▶ **EXERCISE REQUIREMENTS**
I would like the lines below, from the one with "craftsman inspired home" through the one with "SHEIN Camiseta de", copied exactly and without any pictures.

▶ **MATERIAL FOR THIS EXERCISE**
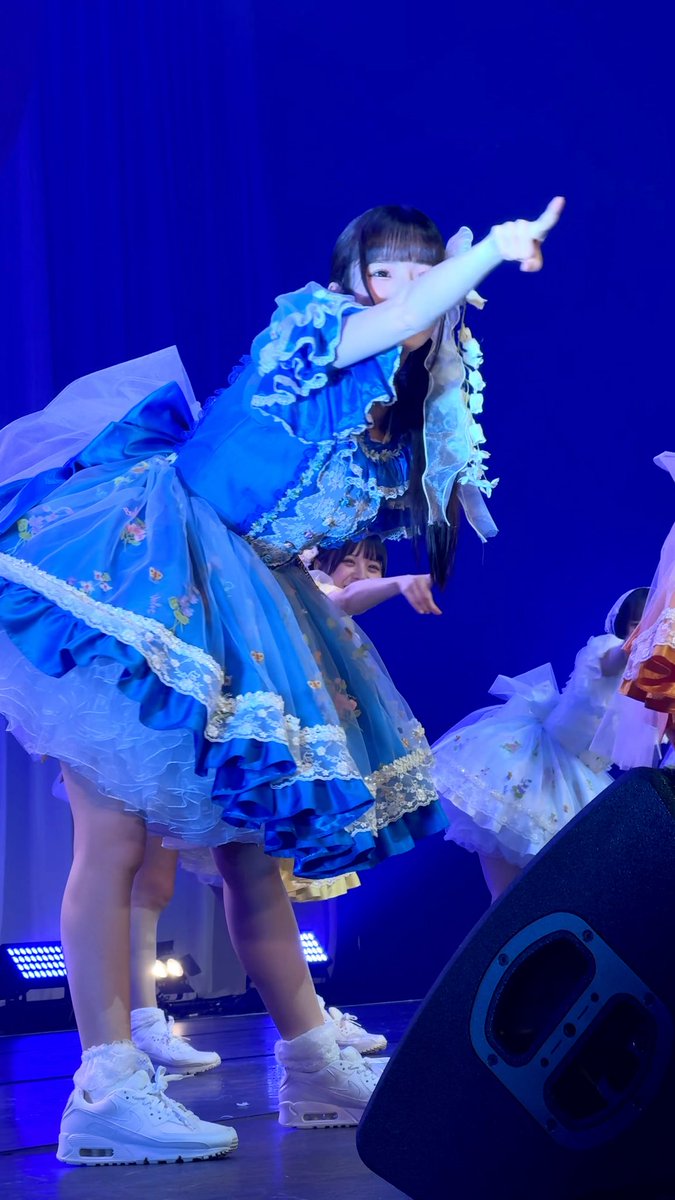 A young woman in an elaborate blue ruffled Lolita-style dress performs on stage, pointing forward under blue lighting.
...
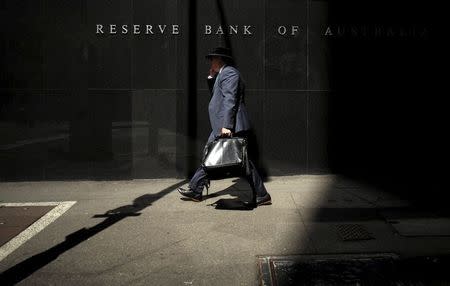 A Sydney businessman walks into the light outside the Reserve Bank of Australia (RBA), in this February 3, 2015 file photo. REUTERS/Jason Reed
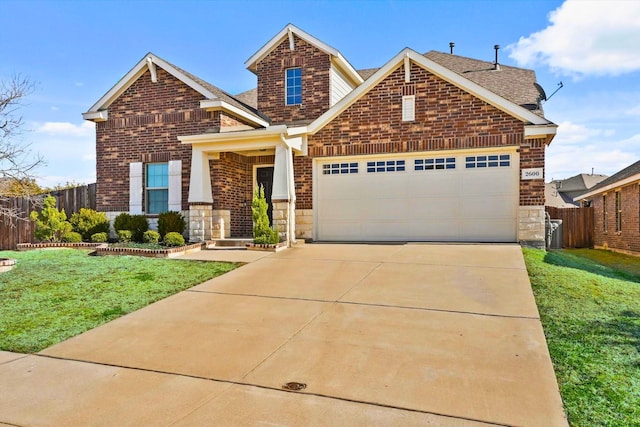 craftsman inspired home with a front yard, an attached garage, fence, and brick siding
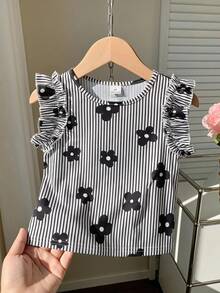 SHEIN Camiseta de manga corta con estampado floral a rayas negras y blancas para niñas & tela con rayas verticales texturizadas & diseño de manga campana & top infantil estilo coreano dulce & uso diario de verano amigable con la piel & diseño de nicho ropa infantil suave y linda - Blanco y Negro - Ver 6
--
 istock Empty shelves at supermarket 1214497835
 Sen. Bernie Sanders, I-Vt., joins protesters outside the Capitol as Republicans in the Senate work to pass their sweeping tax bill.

▶ **TASK SOLUTION**
 craftsman inspired home with a front yard, an attached garage, fence, and brick siding
 SHEIN Camiseta de manga corta con estampado floral a rayas negras y blancas para niñas & tela con rayas verticales texturizadas & diseño de manga campana & top infantil estilo coreano dulce & uso diario de verano amigable con la piel & diseño de nicho ropa infantil suave y linda - Blanco y Negro - Ver 6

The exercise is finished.